Apart from the sudden and rapid reports of random rifles, the late afternoon was eerily quiet. From our rooftop vantage point, we looked down upon the city - a veritable ghost town - and watched the inky black smoke of dozens of fires stain the blue of a promising spring sky into something loathsome and ominous. Our throats gagged in response to the stench of burning oil.

Vodka & tonic or beer? our host asked.

Beer please - and can I have a lemon wedge in mine? Then I pointed southwest, There’s another fire. This is the oddest New Year’s Eve I’ve celebrated yet.

Indeed. This Saturday past marked New Year’s Eve with – wait for it – Sunday being Nowruz, or New Year’s Day according to the calendars of the Persians, the Kurds, and those sun-loving Zoroastrians. And according to nature’s calendar, it was the spring equinox. Celebrated throughout the Middle East (including Turkey where Kurds are admonished not to have any fun at all), this year even the UN got on the bandwagon and officially recognized Nowruz, this 3,000-year old Spring Festival, as an International Day. There is, of course, a Kurdish spin on it which includes elements cobbled together from a medieval historical text, a thousand-year old poem, and a 16th century folktale worthy of a Tim Burton film.

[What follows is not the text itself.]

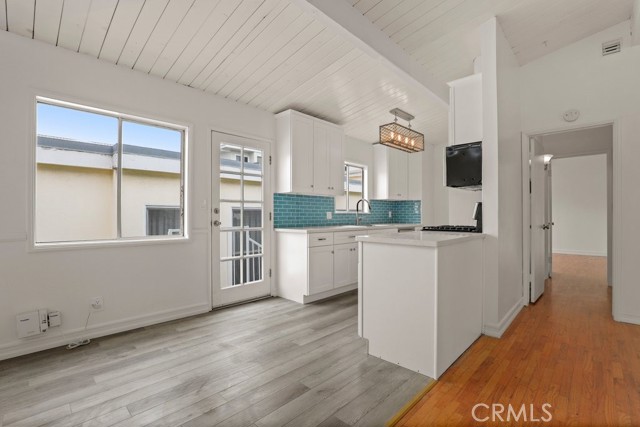 818 Cypress Avenue, Hermosa Beach, California 90254, ,Residential Income,Sold,Cypress,SB21237916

So, in a nutshell (and yes it’s important): an evil king who just happens to have a pair of snakes growing out of his shoulders - which would make buying off the rack an impossibility for him - has conquered Iran. Because these snakes are giving him the mother-of-all backaches and he has no access to Absorbine Junior, he insists on having 2 youths sacrificed to him every day so that their brains may be fed to the snakes. For reasons unknown to me, this daily snack works wonders on the snakes and hence his back. But because he is evil and because no one likes a sore back, he also stops spring from coming. A millennium into his rule (apparently his subjects are long-suffering or just hate their children), the individual assigned to rustling up the snakes’ lunch decides to dupe the serpents by killing an adult and mixing his brains with those of a sheep.

Time passes.

As the people become disgruntled with the Evil King’s rule (apparently his subjects are long-suffering or just hate their children), a blacksmith named Kava (himself the father of 6 of the snakes’ snacks) trains those children saved by the One Adult/One Sheep Brain Subterfuge to bear arms, and leads a revolt against the Evil King, ultimately killing him with a hammer. There is much rejoicing. The Brave Blacksmith sets fires on the hillsides to let everyone know that the king is dead and the reign of terror over. Presumably mothers throughout the region sigh a huge sigh of relief and spring returns – but I’m just reading between the lines on that last point.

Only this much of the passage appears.